Your task.
For the material below, return exactly the lines starting at the line containing "同事换换爱 - 第46话 - page 43" and ending at the line containing "Политические комментарии и", both ends included, and no others.

Given records.
-.-.-
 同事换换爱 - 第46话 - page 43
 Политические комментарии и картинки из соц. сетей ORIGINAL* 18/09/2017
-.-.-
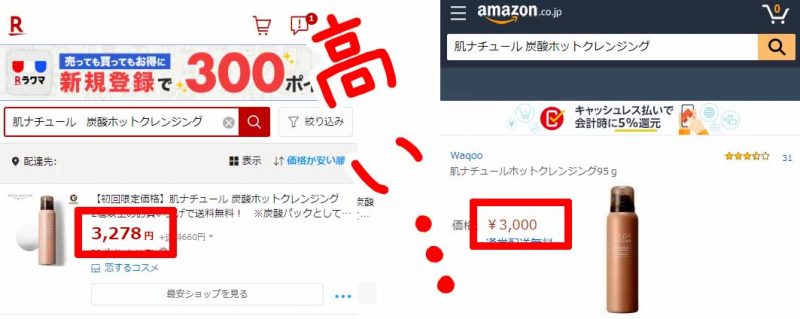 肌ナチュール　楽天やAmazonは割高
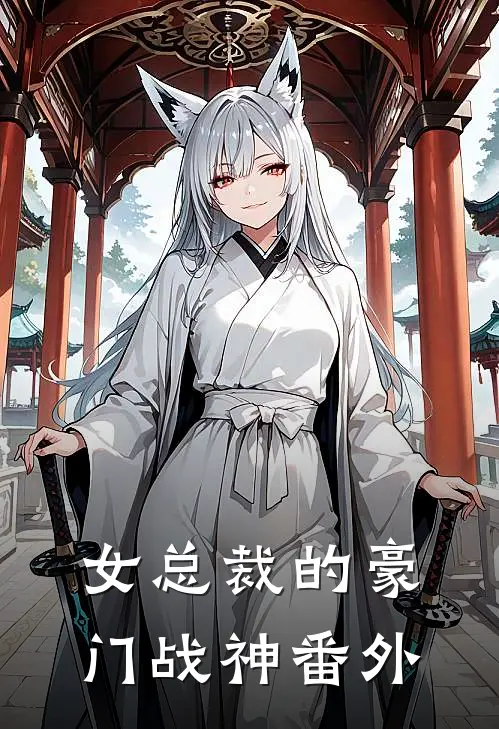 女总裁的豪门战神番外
-.-.-
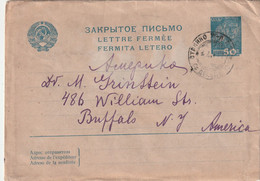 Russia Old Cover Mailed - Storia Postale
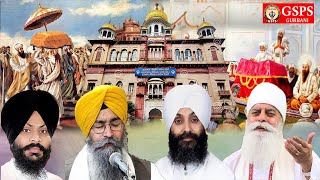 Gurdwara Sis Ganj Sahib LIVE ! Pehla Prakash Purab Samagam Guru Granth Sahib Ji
-.-.-
Task result.
 同事换换爱 - 第46话 - page 43
 Политические комментарии и картинки из соц. сетей ORIGINAL* 18/09/2017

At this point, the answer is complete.